Bab 1. Nick: Wanita Unik
Gue Nick si Bule tampan. Kerjaan gue, selain nulis, ya, tukang foto. Yaelah, murahan banget, ya, kerjaan gue? Eits, jangan salah, gue bukan sembarang tukang foto. Gue ini bisa dibilang fotografer profesional.
Saat ini gue lagi ada jadwal pemotretan untuk produk bikini. Wow, menggoda banget, nggak, sih? Laki-laki mana yang matanya nggak melotot kalau lihat perempuan berbikini. Surga dunia bangetlah jadi fotografer, terlepas dari susah payahnya usaha mendapat foto terbaik yang kadang harus rela tiduran di jalanan demi angle sempurna. Kali ini gue bawa Jery buat jadi asisten. Bukan tikus yang di kartun itu meski namanya mirip. Dia teman main gue dan Adhi di masa lalu. Dari main gundu sampe tamiya, kami selalu bertiga.
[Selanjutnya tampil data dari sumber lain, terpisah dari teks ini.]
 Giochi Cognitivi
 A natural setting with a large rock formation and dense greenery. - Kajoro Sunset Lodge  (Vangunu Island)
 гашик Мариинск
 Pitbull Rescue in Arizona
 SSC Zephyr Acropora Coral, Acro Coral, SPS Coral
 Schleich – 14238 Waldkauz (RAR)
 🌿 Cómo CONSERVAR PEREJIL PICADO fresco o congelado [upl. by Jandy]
Di sinilah gue menunggu model yang belum juga datang. Di vila pribadi milik keluarga Adhi yang akan kami pakai untuk pengambilan gambar hari ini. Kebetulan kolam renangnya lumayan keren untuk latar foto. Sebenarnya klien minta latar pantai, tapi model enggak mau dan akhirnya kami terdampar di vila bernuansa hijau penuh rerumputan ini. Bambu hias mengelilingi bangunan. Kesan asri sekaligus sangat privat karena tingginya melebihi bangunan. Satu yang juara adalah sejuknya, gue benar-benar akan melewati hari ini dengan paru-paru bersih tanpa asap.
"Nick, modelnya mana, sih?" kesal Jery yang sudah selesai memasang peralatan pendukung sejak tadi.
"Nggak tahu gue juga."
"Sorry, gue telat," gumam sebuah suara. Suara lembut yang seperti enggak asing di kuping gue. Ah, gue ngigo kali.
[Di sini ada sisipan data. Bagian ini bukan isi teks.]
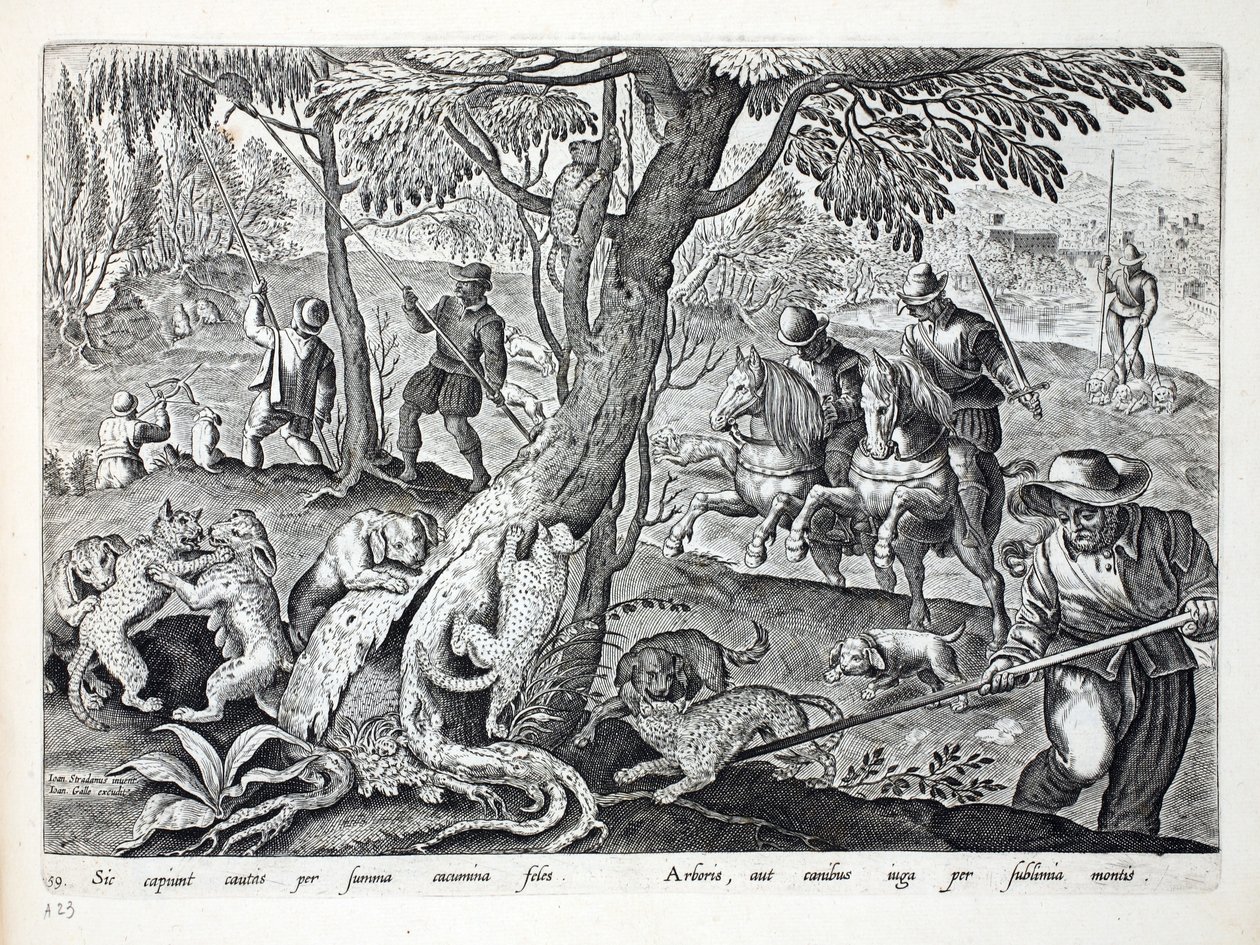 Chasse aux chats avec des chiens, illustration de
Gue dan Jery kompak menoleh. Kami berdua yang sejak tadi duduk di sofa ruang tengah vila, langsung berdiri menyambut sosok seksi itu. Senyum miring gue terkembang, berbeda dengan perempuan berambut cokelat kemerahan itu yang nampak kaget melihat gue. Dia perempuan yang duduk sebelahan sama gue di pesawat kemarin. Namanya Diva.
"Hai, Div," sapa gue dengan senyum lebar, "bener kata gue kemarin, ya, kalau jodoh pasti ketemu," kelakar gue. Diva nampak kurang nyaman dan terkesan menghindar, beberapa kali bibir bawahnya digigit seperti menahan gugup. Model seksi seperti dia biasanya langsung nempel fotografer muda yang tampan macam gue, tapi kenapa Diva malah terlihat takut? Apa muka gue mirip Valak?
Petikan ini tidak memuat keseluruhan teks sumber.